Expectations are growing for the Canadian plane-and-train-maker to announce new orders for its fuel-efficient 110-to-130 seat CSeries jets after it failed to secure any substantial orders in about a year.
But even as some market observers look to showcase events like Paris, which are used to launch products and make order announcements, planemakers are bracing for softer sales in 2017 after a prolonged order boom.
“I think it is a slow time period because there was this binge of orders in the last few years,” said the person, who spoke on condition of anonymity because he was not authorized to talk to the media. “Airlines are still trying to figure out their fleet plans.”
Bombardier did not announce any orders for the CSeries jets at the Farnborough Airshow last year, but won key sales campaigns from Delta Air Lines (DAL.N) and Air Canada (AC.TO) in the months preceding the event.

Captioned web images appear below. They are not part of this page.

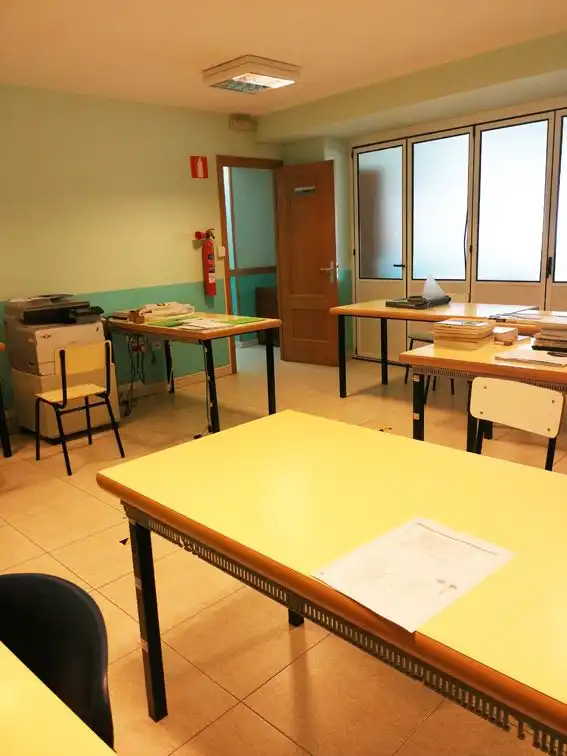 Geschaftsraum zur Miete in A Coruña Capital  mit Heizung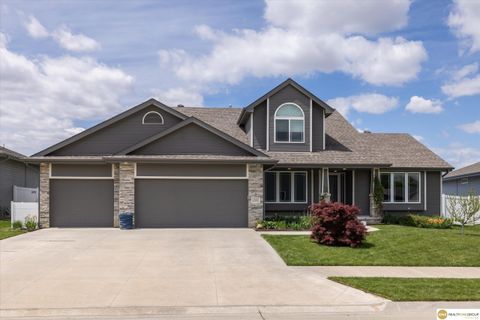 Photo of 12012 S 44 Street, Bellevue, NE 68123 (MLS # 22610884)
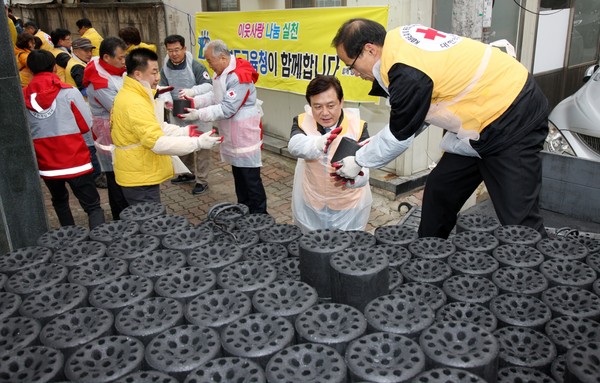 ▲ 김병우 충북교육감과, 도교육청 직원들이 18일 연탄 나눔봉사를 하고 있다. ⓒ뉴데일리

Lack of new orders could be one factor weighing on the stock which fell as much as 10 percent last Friday after the U.S International Trade Commission gave a green light to start an anti-dumping probe against the CSeries for alleged unfair subsidies.
“We are encouraged by the discussions we are having with our potential customers on all our platforms, but deals will be announced once they are signed,” Bombardier spokesman Bryan Tucker said.
As of December 2016, the CSeries had recorded 360 firm orders and most capacity is sold out through 2020. Average list prices as of January, 2017 were $79.5 million for the 110-seat CS100 and $89.5 million for the 130-seat CS300, but airlines typically receive discounts of around 50 percent on aircraft.
Bombardier has said it is comfortable with the company’s existing CSeries sales, and head of commercial aviation Fred Cromer recently dismissed suggestions that Boeing Co (BA.N)’s anti-dumping complaint would slow orders.
Cromer would not comment on the timing of orders, or expectations for Paris, which he said would serve to showcase new products.
Bombardier, however, sees replacement opportunities in the regional jet market as aging planes are retired and operators shift from 50 seaters to larger regional aircraft, Tucker said.
Mesa Air Group, a Phoenix-based regional airline which operates jets by Bombardier and rival Embraer SA (EMBR3.SA), is considering the future of the CRJ-900s it ordered in the early 2000s.
“We are looking at a number of fleet replacement strategies as the aircrafts are getting older,” said Mesa chief executive Jonathan Ornstein by phone last Thursday.